Samsung’s camera business officially joining the bottom feeders

Samsung Electro-Mechanics today formally confirmed a mid-October report claiming the company is expanding into the entry-level smartphone camera market. The part about that historic contract coming from Samsung (Electronics) itself is still unofficial, but the insiders behind the original claim have a near-spotless track record, so it’s probably safe to consider it accurate. During an earnings call with analysts held after today’s announcement of the company’s Q3 financials, EVP Bae Kwang-wook confirmed the move.

According to the senior executive, Samsung Electro-Mechanics already accepted contractual obligations constituting its move into low-end mobile camera module manufacturing. In fact, it even started fulfilling some orders during the third quarter of 2020. By this time next year, that segment will account for about 10% of the company’s sales, the EVP said during the call.

Why moving into entry-level anything is rarely a business success indicator

Bae also provided some estimates in regards to how much money this is expected to make, but even if he wasn’t biased in a sense that he wants to make his company look good, the assumptions given to analysts are at least partially influenced by an attempt at extrapolating historic data and using it to predict earnings. Instead of, you know, just flat-out saying how much its first contracts are worth.

This would make more than zero sense in any other smartphone camera component category but the one Samsung Electro-Mechanics is now entering. Because most businesses, especially those as derivative as consumer electronics, rely on creating value to earn money. The more you create, the more you can charge, or get away with charging, depending on whether you’re asking the buyer or the seller.

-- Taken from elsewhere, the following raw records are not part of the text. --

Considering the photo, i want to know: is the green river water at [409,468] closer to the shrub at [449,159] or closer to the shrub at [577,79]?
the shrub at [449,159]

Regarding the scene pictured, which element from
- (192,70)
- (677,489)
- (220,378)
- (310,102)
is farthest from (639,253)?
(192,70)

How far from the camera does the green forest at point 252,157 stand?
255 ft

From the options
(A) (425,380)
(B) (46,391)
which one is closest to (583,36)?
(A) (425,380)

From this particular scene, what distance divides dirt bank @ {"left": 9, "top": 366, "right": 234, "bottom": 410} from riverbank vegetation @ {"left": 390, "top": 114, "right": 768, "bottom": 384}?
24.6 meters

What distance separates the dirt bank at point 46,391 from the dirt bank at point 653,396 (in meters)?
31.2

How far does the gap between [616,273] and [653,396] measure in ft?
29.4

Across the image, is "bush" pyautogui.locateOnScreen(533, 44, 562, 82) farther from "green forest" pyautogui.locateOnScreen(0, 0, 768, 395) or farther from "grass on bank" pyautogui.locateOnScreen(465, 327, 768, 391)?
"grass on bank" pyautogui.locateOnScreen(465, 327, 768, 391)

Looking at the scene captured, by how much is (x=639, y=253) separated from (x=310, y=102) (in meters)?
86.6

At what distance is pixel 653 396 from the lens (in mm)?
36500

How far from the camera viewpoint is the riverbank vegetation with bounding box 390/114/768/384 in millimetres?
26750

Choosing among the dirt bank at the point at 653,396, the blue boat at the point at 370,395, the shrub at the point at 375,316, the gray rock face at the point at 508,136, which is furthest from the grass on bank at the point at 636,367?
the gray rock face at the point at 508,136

As you might imagine, there’s a cap to this economic behavior that’s proportional to the complexity of the task at hand. Manufacturing is a secondary sector, but component production, by itself, is still way lower than consumer electronics manufacturing, which usually means “consumer electronics assembly” these days.

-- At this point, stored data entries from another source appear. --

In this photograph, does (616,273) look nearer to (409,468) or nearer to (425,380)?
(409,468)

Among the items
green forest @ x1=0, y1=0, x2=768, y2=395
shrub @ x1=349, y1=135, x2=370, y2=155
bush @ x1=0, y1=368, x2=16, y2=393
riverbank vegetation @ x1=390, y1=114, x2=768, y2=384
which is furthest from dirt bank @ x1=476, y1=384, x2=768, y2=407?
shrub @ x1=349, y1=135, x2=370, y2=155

All of that means this move to deliver camera modules to low-end smartphones probably won’t drive any meaningful growth in terms of whatever bottom line Samsung Electro-Mechanics will have to report a year from now. Sure, it probably won’t lose any more money on this expansion, like entry-level smartphone companies actually can and often do in ultra-competitive markets like India. But you can disregard the prospective business expansion angle Bae is selling here. Because Samsung would not be entering the low-end smartphone camera category if there was any other segment to service instead.

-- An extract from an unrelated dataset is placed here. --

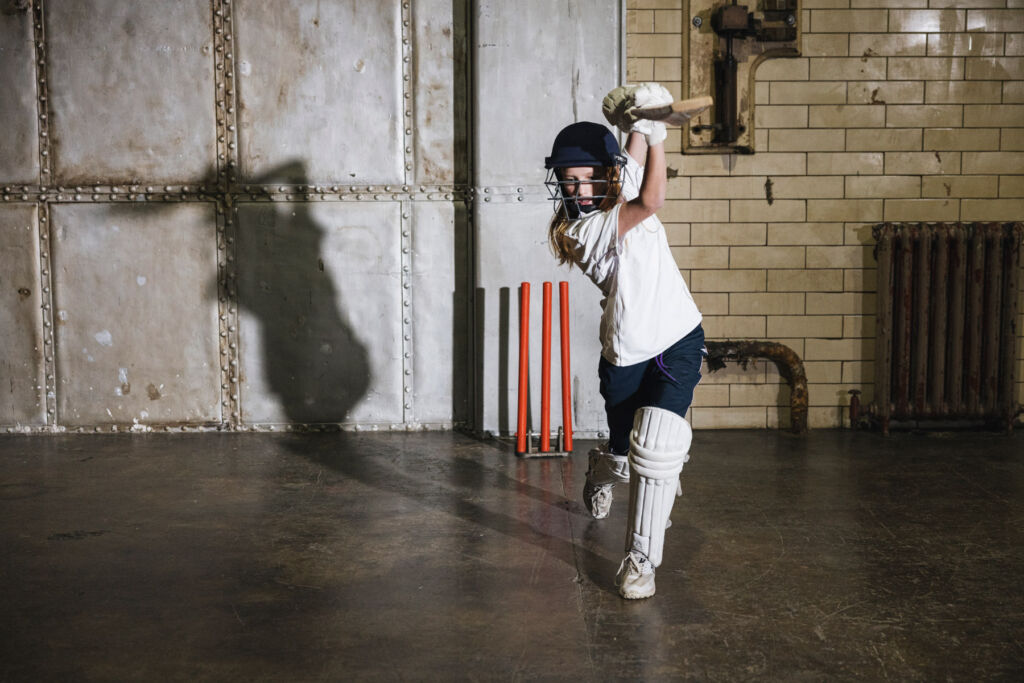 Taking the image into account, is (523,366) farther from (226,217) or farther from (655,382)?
(226,217)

This is all evidenced by the fact that despite producing hundreds of millions of cheap smartphones on a yearly basis for over a decade, Samsung Electronics has never managed to squeeze into its sister company’s production capacities until right now. Why? Because that sister company was printing money doing better-paying contracts, many of which were from Samsung Electronics itself. In other words: if you’re part of a consumer electronics supply chain, you make the big bucks doing contract work for the next Galaxy Note or iPhone, not the next Galaxy A twenty-whatever.

So, take this news as an indicator that Samsung Electro-Mechanics appears to be out of ideas in the smartphone camera business, no matter how many more hundreds of millions of modules it projects to sell next year. It’s 300 million, in this case, which adds up to 1.2 billion in total. That’s a pretty impressive figure, right? You almost don’t want to burden it with boring context. Such as, for example, the fact that a quarter of it will probably ruin your profit margin by several degrees of magnitude, despite being the entirety of your projected growth.

Just to add some final context, flagship camera modules are currently more expensive than even the thing responsible for the “smart” part of smartphones – chips. Yes, imagine all that extra money Samsung Electro-Mechanics won’t be making next year because it found nothing better to do than to waste resources on budget component production, while the big bucks are already being made and that market share is its own to lose. But you won’t hear that on any analyst call, as those tend to only involve people paid to be maximally optimistic in their public communications.